▸ **EXERCISE DIRECTIONS**: Print every line below exactly as written, but leave the pictures behind.

▸ **DATASET SECTION**:
......

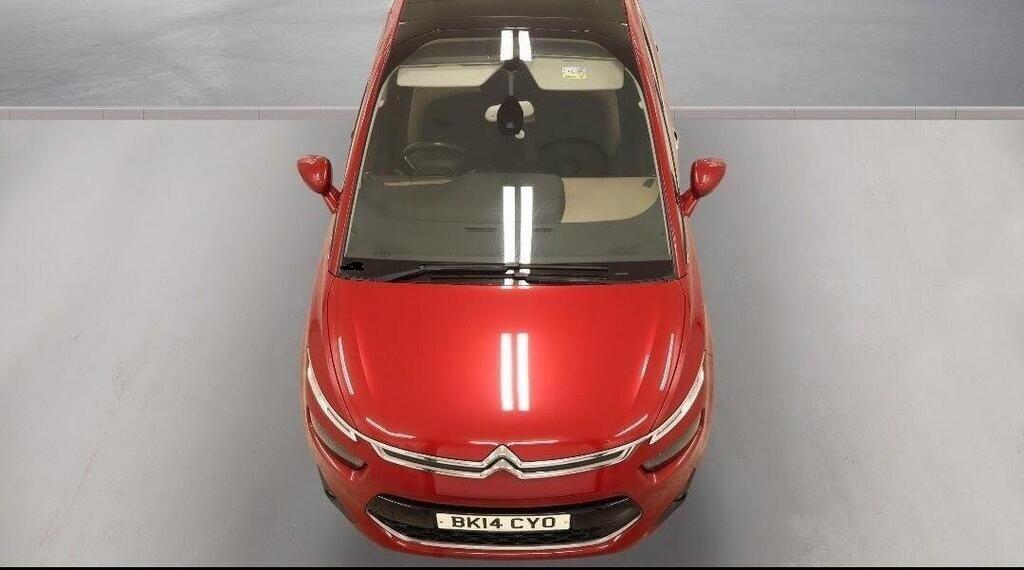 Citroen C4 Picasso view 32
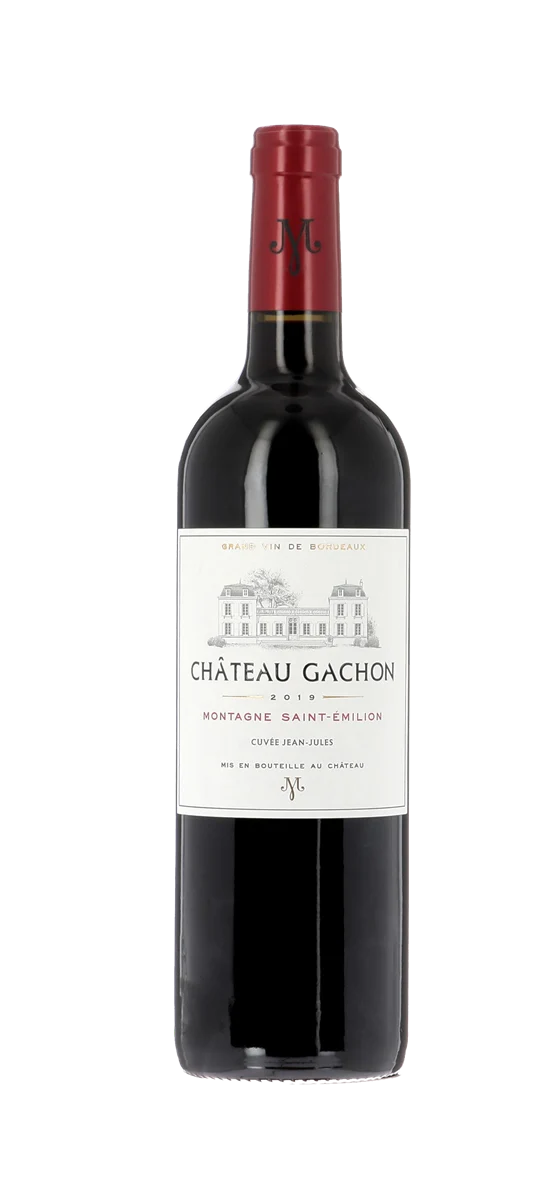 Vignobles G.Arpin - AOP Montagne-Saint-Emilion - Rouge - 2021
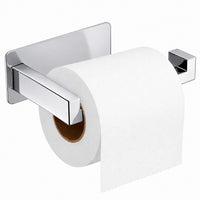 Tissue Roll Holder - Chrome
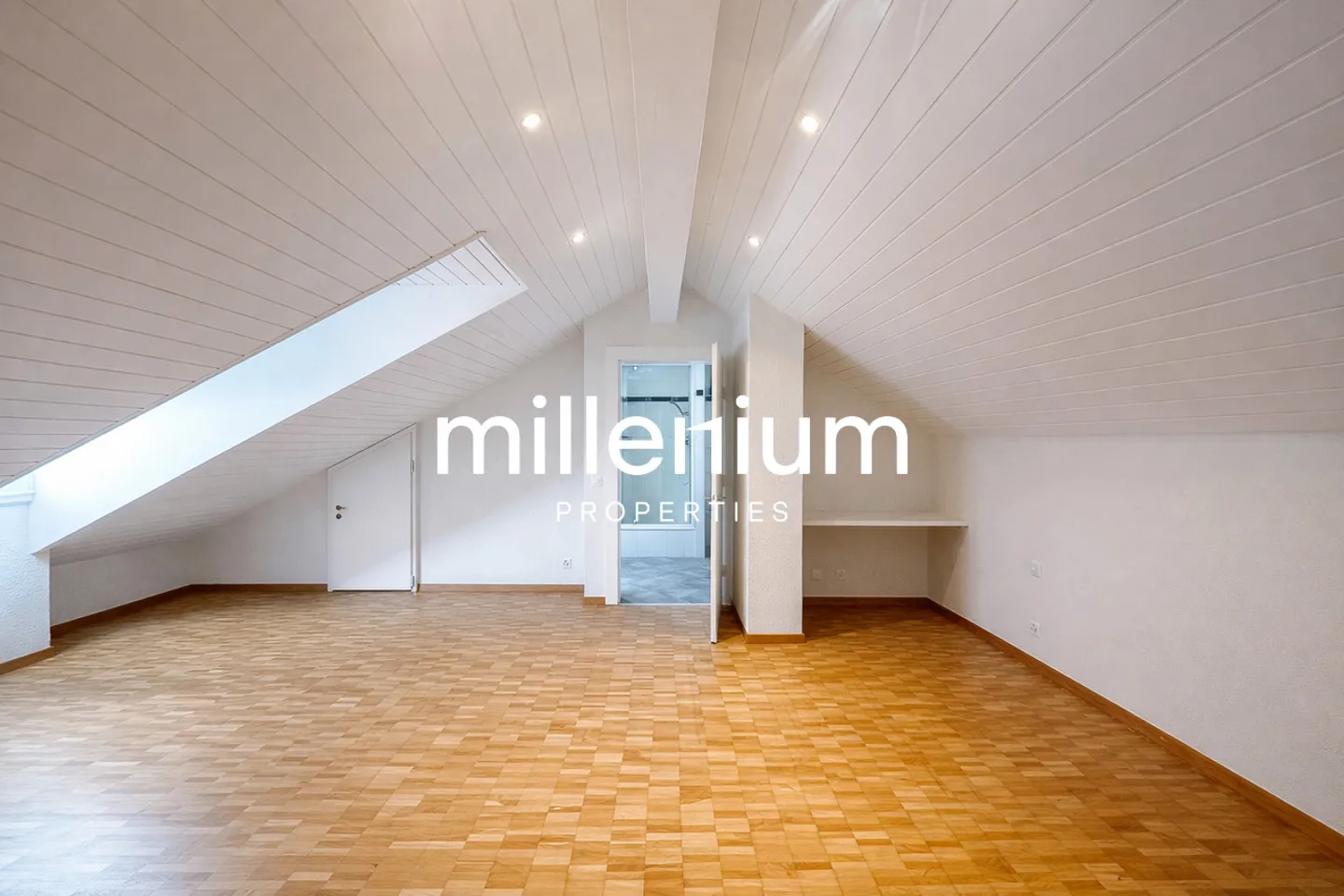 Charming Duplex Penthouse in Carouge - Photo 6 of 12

......

▸ **ANSWER**:
 Citroen C4 Picasso view 32
 Vignobles G.Arpin - AOP Montagne-Saint-Emilion - Rouge - 2021
 Tissue Roll Holder - Chrome
 Charming Duplex Penthouse in Carouge - Photo 6 of 12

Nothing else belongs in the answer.